Calibrator.check_model(model_proto)
Checks the compatibility of your model.
Argument
- model_proto (ModelProto): An FP32 ONNX model.
Return
- -1: The model is incompatible.
Calibrator.set_method(granularity, calib_method)
Configures quantization.
Arguments
- granularity (string):
- If granularity = 'per-tensor', there will be one exponent per entire tensor.
- If granularity = 'per-channel', there will be one exponent for each channel of a convolution layer.
- calib_method (string):
- If calib_method = 'minmax', the threshold is derived from the minimum and maximum values of the layer outputs from calibration dataset.
- If calib_method = 'entropy', the threshold is derived from Kullback-Leibler divergence (KL divergence).
Calibrator.set_providers(providers)
Configures the execution provider of ONNX Runtime.
Argument
- providers (list of strings): An execution provider in the list, for example 'CPUExecutionProvider', and 'CUDAExecutionProvider'.
Calibrator.generate_quantization_table(model_proto, calib_dataset, pickle_file_path)
Generates the quantization table.
Arguments
- model_proto (ModelProto): An FP32 ONNX model.
- calib_dataset (ndarray): The calibration dataset used to compute the threshold. The larger the dataset, the longer time it takes to generate the quantization table.
- pickle_file_path (string): Path of the pickle file that stores the dictionary of quantization parameters.
Calibrator.export_coefficient_to_cpp(model_proto, pickle_file_path, target_chip, output_path, file_name, print_model_info=False)
Exports the quantized model coefficient such as weight to deploy on ESP SoCs.
Arguments
- model_proto (ModelProto): An FP32 ONNX model.
- pickle_file_path (string): Path of the pickle file that stores the dictionary of quantization parameters.
- target_chip (string): Currently support 'esp32', 'esp32s2', 'esp32c3' and 'esp32s3'.
- output_path (string): Path of output files.
- file_name (string): Name of output files.
- print_model_info(bool):
- False (default): No log will be printed.
- True: Information of the model will be printed.
Evaluator(quantization_bit, granularity, target_chip)
Arguments
- quantization_bit (string):
- 'int8' for full int8 quantization.
- 'int16' for full int16 quantization.
- granularity (string):
- If granularity = 'per-tensor', there will be one exponent per entire tensor.
- If granularity = 'per-channel', there will be one exponent for each channel of a convolution layer.
- target_chip (string): 'esp32s3' by default.
Evaluator.check_model(model_proto)
Checks the compatibility of your model.
Argument
- model_proto (ModelProto): An FP32 ONNX model.
Return
- -1: The model is incompatible.
Evaluator.set_target_chip(target_chip)
Configures the chip environment to simulate.
Argument
- target_chip (string): For now only 'esp32s3' is supported.

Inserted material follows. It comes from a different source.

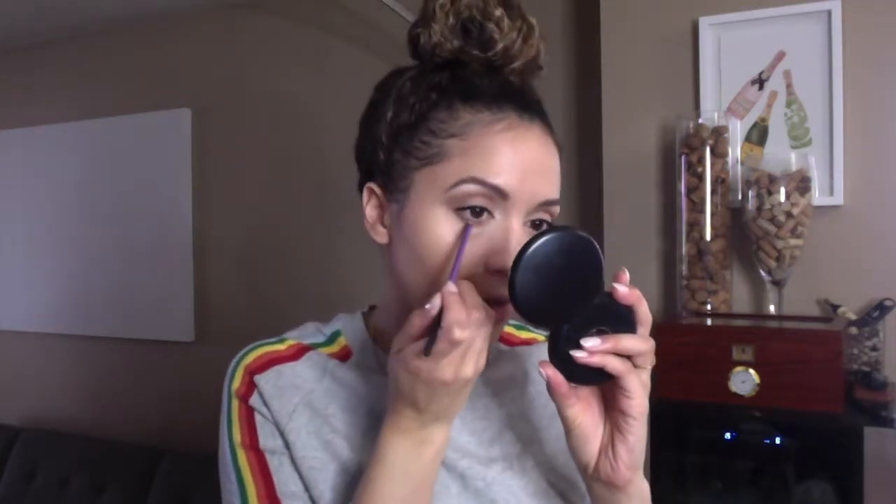I'll go over with this brush just to blend it — I don't want it to look too perfected. I'm going back in with Modern Renaissance, using Warm Taupe with the precision smudge brush, just to line the bottom lash line. I'm also going to use a bit of Jeans on the ends of the bottom lash line.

Evaluator.set_providers(providers)
Configures the execution provider of ONNX Runtime.
Argument
- providers (list of strings): An execution provider in the list, for example 'CPUExecutionProvider', and 'CUDAExecutionProvider'.
Evaluator.generate_quantized_model(model_proto, pickle_file_path)
Generates the quantized model.
Arguments
- model_proto (ModelProto): An FP32 ONNX model.
- pickle_file_path (string): Path of the pickle file that stores all quantization parameters for the FP32 ONXX model. This pickle file must contain a dictionary of quantization parameters for all input and output nodes in the model graph.
Evaluator.evaluate_quantized_model(batch_fp_input, to_float=False)
Obtains outputs of the quantized model.
Arguments
- batch_fp_input (ndarray): Batch of floating-point inputs.
- to_float (bool):
- False (default): Outputs will be returned directly.
- True: Outputs will be converted to floating-point values.
Returns
A tuple of outputs and output_names:
- outputs (list of ndarray): Outputs of the quantized model.
- output_names (list of strings): Names of outputs.